This part of GOV.UK is being rebuilt – find out what beta means

HMRC internal manual

Business Income Manual

Meaning of trade: mutual trading and members clubs: introduction: essential that the activity is a trade

What is a trade?

Whether the activities in question constitute a trade is a question of fact. Guidance on the general subject of whether particular activities amount to a trade is at BIM20050 onwards. You should look to see if the activities involved have the outward characteristics of trade. You can usefully apply the test from CIR v Livingston and Others [1926] 11TC538 (at page 542) that:

‘…the operations involved in it are of the same kind, and carried on in the same way, as those which are characteristic of ordinary trading in the line of business in which the venture was made.’

Further, although it is not essential that there should be a profit for activities to amount to trade, there must be an element of commerciality. The subjective test, of whether there was the intention to make a profit, has played a central role in the development of case law; for example in Ransom v Higgs [1974] 50TC1 at page 88G:

‘Trade involves, normally, the exchange of goods or of services for reward - not of all services … but there must be something which the trade offers to provide by way of business. Trade, moreover, presupposes a customer … you must trade with someone.’

The so-called ‘badges of trade’ (see BIM20200 onwards) can also be helpful indicators in some cases.

Mutual associations are established for a variety of reasons. Many mutual associations have no overt profit-seeking motive or may be required to apply their profits to particular ends. Such a state of affairs does not prevent them from carrying on a trade.

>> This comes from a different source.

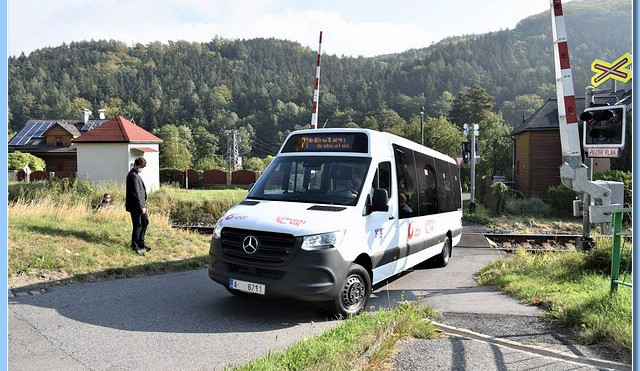 Andělská Hora o jedinou autobusovou zastávku nepřijde. Problém vyřešily speciální autobusy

The absence of a profit-seeking motive does not preclude the carrying on of a trade - see for example Brighton College v Marriott [1925] 10TC213. Brighton College was a company, limited by guarantee. The company was formed to carry on a public school. Under its Memorandum of Association the whole of the company’s income and property was applied solely towards the promotion of the objects of the college, including the remuneration of its officers and other persons for services rendered.

The fees charged for attendance at the school exceeded the current expenses. The surpluses were mainly applied in paying interest on, and in reducing, mortgage debts incurred in connection with extensions and improvements of the college.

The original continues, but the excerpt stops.